This invention relates generally to reference apparatus for navigable vehicles such as aircraft, and more particularly, to rate/acceleration sensors used in an attitude and heading reference system. Advancement in the art of precision flight control and guidance apparatus for aircraft, missiles, and space vehicles depends in part on progress in sensor technology. Present computer technology allows sophisticated and complex signal processing at reasonable cost, but the information processed is frequently derived from sensors having a cost which is a disproportionate part of the system cost.
A reference system having inertial instruments rigidly fixed along a vehicle-based orientation reference wherein the instruments are subjected to vehicle rotations and the instrument outputs are stabilized computationally instead of mechanically is termed a gimballess or strapped-down system. Such systems generally include computing means receiving navaid data such as magnetic and radio heading; air data such as barometric pressure, density, and air speed; along with output signals of the inertial instruments for generating signals representative of vehicle position and orientation relative to a system of coordinate axes, usually earth oriented. The presence of high angular rates associated with strapped-down systems adversely affects performance and mechanization requirements. Consequently, such reference systems have been used extensively in missiles, space, and military vehicles, but their use in commercial aircraft has been less extensive because of economic constraints associated with the manufacture of precision mechanical assemblies, i.e., gyroscopes and other precision sensors.

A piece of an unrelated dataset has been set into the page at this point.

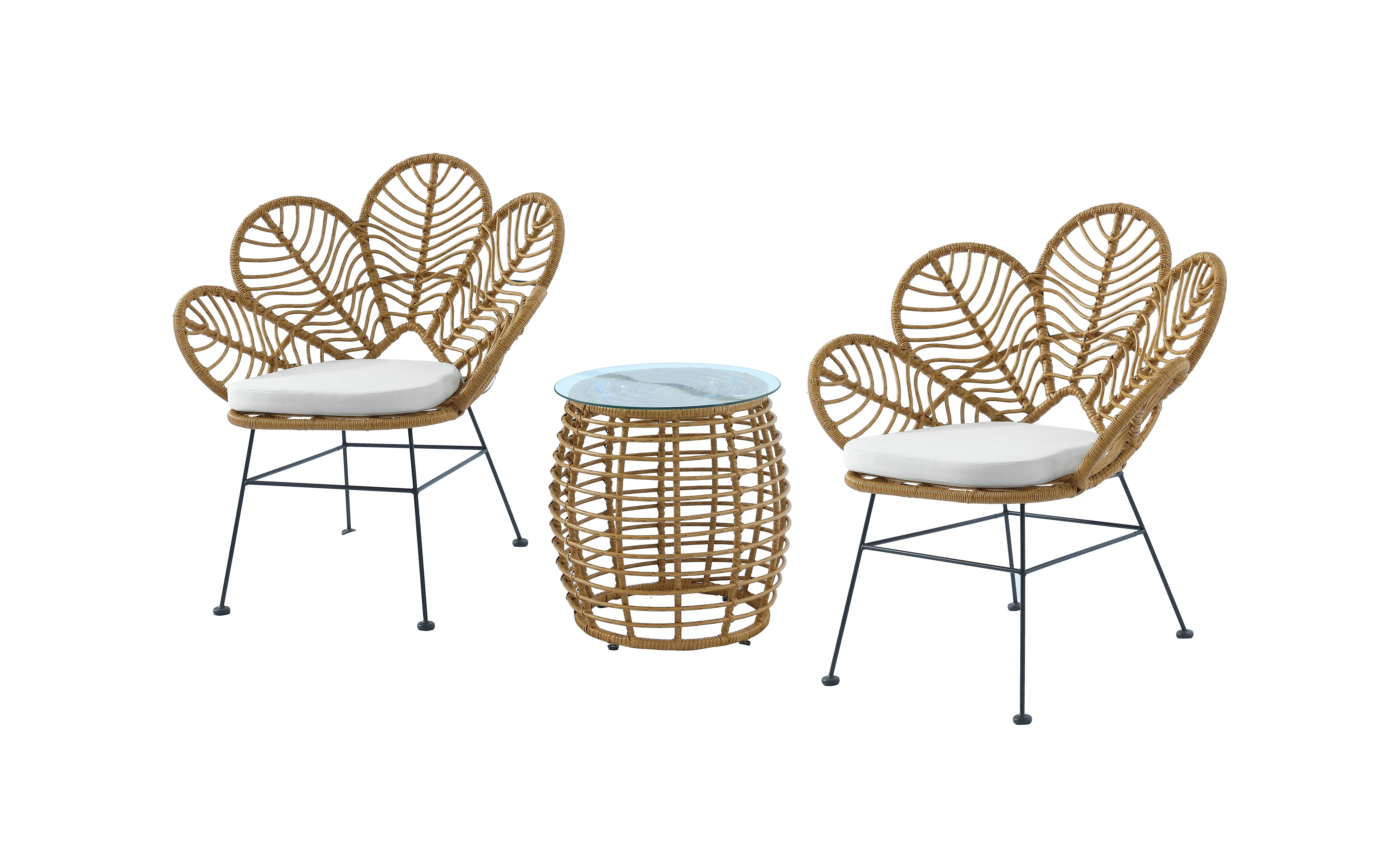 PE rattan wicker dining sets weatherproof dining coffee chair round table garden patio outdoor furniture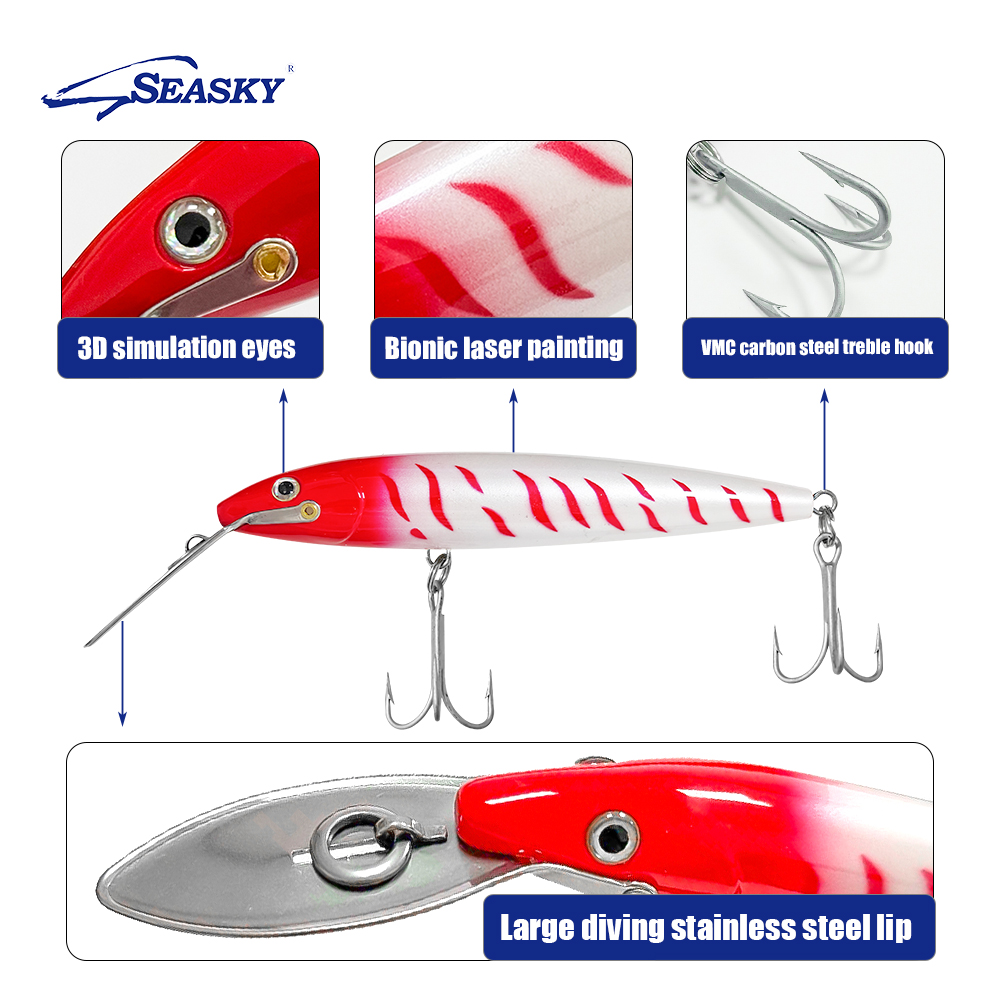 Seasky YD135 30g Trolling Minnow Bait - Durable ABS Material for Deep Water Tuna & Bass Angling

Strapped-down inertial reference systems become practical for commercial aircraft from the standpoint of cost of ownership, weight, reliability, and maintainability with the advent of small, lightweight, highly accurate and relatively low-cost rate sensors and accelerometers. Angular rate sensing apparatus utilizing rotating piezoelectric generators are known; see for example U.S. Pat. Nos. 2,716,893 and 4,197,737. Such devices generally comprise piezoelectric generator elements mounted to a rotatable drive shaft and oriented for generating signals responsive to particular bending forces sensed by the instrument. The processing of signals derived from such instrumentation involves the measurement, amplification and transmission of very low level DC and low frequency signals.
While many of the problems inherent in the prior art have been overcome by the systems and techniques set forth in the aforementioned co-pending applications, all of which are herein incorporated by reference in their entirety, there are still problems which must be overcome to improve the accuracy of the systems and reduce the cost and complexity of construction. In particular, in one of the above-mentioned applications, two transducers are used to sense linear acceleration. The transducers are placed 90.degree. apart in rotation in order to cancel known bias problems in the two-axis accelerometer output due to twice-spin frequency vibrations. The vibrations are present due to imperfections in the motor in particular, as well as possible external sources. In that system and technique, the undesired bias terms were cancelled by phase-shifting the signal from the leading transducer by 90.degree. and adding it to the signal from the first transducer. Upon demodulation, the output was provided to a two-pole lowpass filter to limit the ripple generated from demodulating and phase detecting the sinusoidal accelerometer signals. This lowpass filter is the primary limitation on the bandwidth of the system and thus prevents use in environments requiring large bandwidths.
Furthermore, the structure used to measure alternating accelerations in the two-axis systems proposed above produce cross-axis coupling problems. For low frequency and static accelerations, such cross-axis coupling is negligible. In other cases, however, the cross-axis coupling is significant and is caused by the lowpass filter used to phase shift one of the transducer signals in the aforementioned systems. For broadband applications, the cross-axis coupling is undesirable and must therefore be reduced in order to provide less restrictive operating parameters so that the assemblies may be used for greater applications.
The rotating structure in the above-mentioned co-pending applications also produced improved results, but there is a further need for structures which enable miniaturization and configurations which enable demodulation to widen the bandwidth. Since the cost of producing the assembly is directly related to the complexity of the parts and their interrelationship, a reduction in the number of parts and the size of the assembly can significantly improve the applications in which the sensor may be employed. In addition, there is a need to provide sensors which may be easily disassembled for repair so that the cost of construction and replacement can be reduced.
Accordingly, the present invention has been developed to overcome the specific shortcomings of the above known and similar techniques and to provide an improved transducer assembly and demodulating system for providing two-axis rate and acceleration measurements.